Action item: In the data below, locate the line containing "For technical support" and the line containing "Sign up today", then retype both and everything between them exactly. Pictures are not part of the copy.

* * * * *

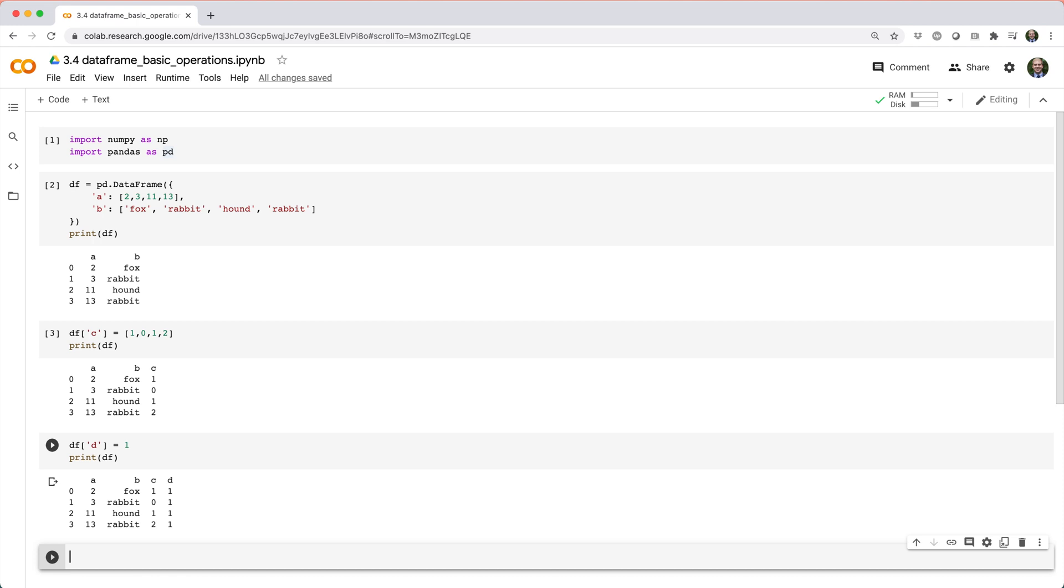You can also combine columns to create a new column. For example, you could create column E as the sum of A and C.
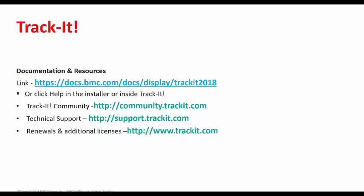For technical support related questions or issues, visit support.trackit.com. For renewals and additional licenses, you can visit www.trackit.com.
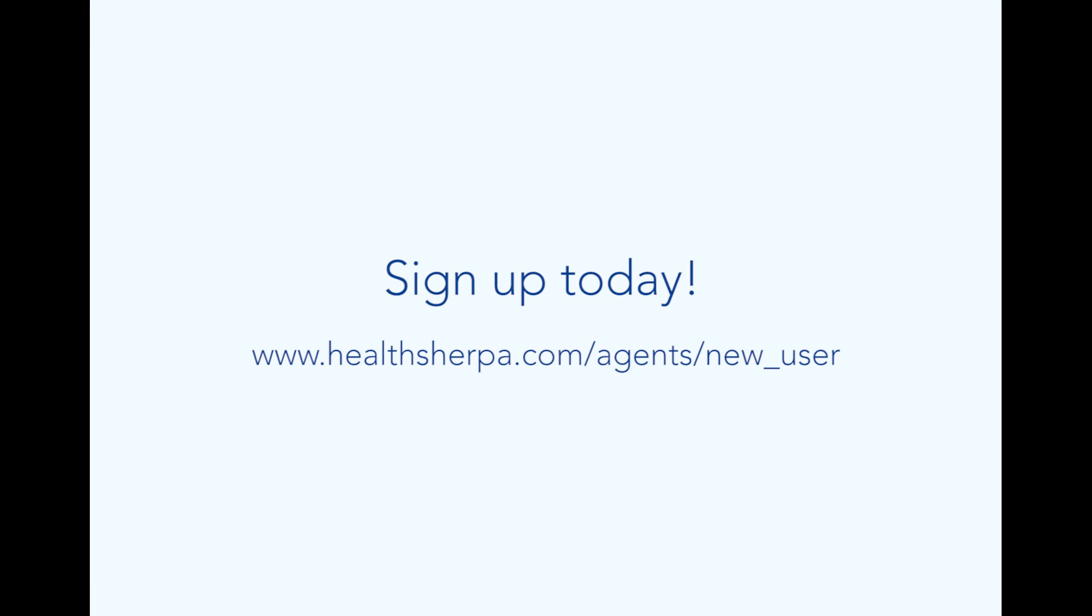Sign up today at www.healthsherpa.com/agents/new_user.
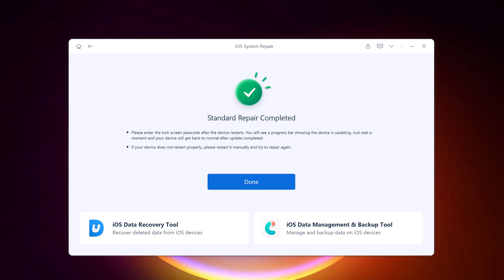After the repair is done, your iOS device will automatically reboot and all your data will not be erased. Click on the done button to close the setup. You are ready to use your fixed iPhone.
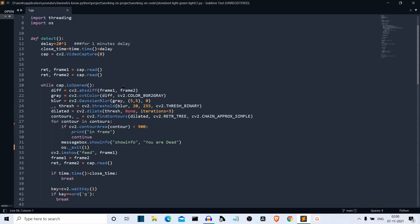Next we specify the threshold. The threshold variable stores whether the movement has crossed a specific threshold value, using CV2.threshold(). The parameters are: the image, the minimum threshold value (20), the maximum threshold value (255), and the algorithm type — here we use the binary algorithm. After setting the threshold, we dilate the image using CV2.dilate(), which prepares the image to find better contours. The parameters are the image, the dilation kernel, and the number of iterations.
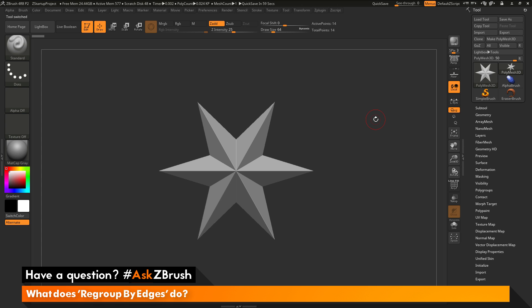This is Joseph Drust and welcome back to another episode of Ask ZBrush. So we had a question sent in asking, what does regroup by edges do?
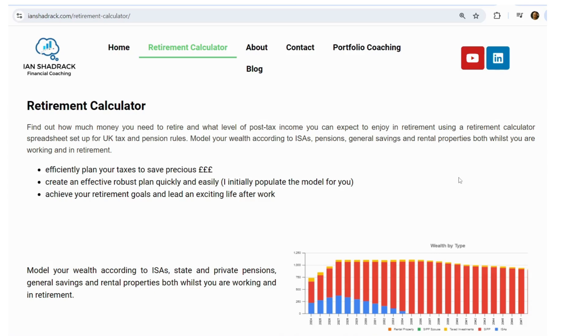To get hold of the spreadsheet, it's free to all purchasers of my retirement calculator. And if you haven't purchased the retirement calculator, check in the description of the video as to how you can get hold of the spreadsheet.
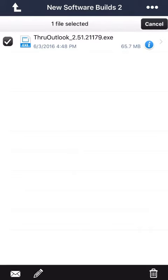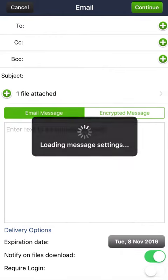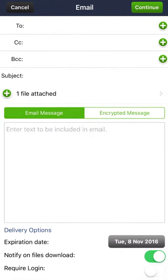After selecting files, touch the Mail icon at the bottom of the screen. This will open the Thru message page. From here, you can prepare your message to be sent.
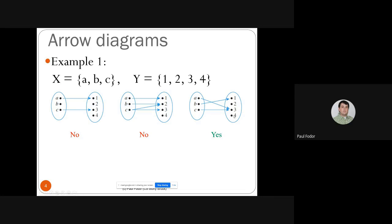The third arrow diagram is a valid function: from domain {A, B, C}, every element has exactly one outgoing arrow to an element in the codomain. Note that not all elements in the codomain need to be covered. The range of this function is {1, 3} — only 1 and 3 from the codomain {1, 2, 3, 4} are images of elements from the domain.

* * * * *

Result of the exercise:
For technical support related questions or issues, visit support.trackit.com. For renewals and additional licenses, you can visit www.trackit.com.
Sign up today at www.healthsherpa.com/agents/new_user.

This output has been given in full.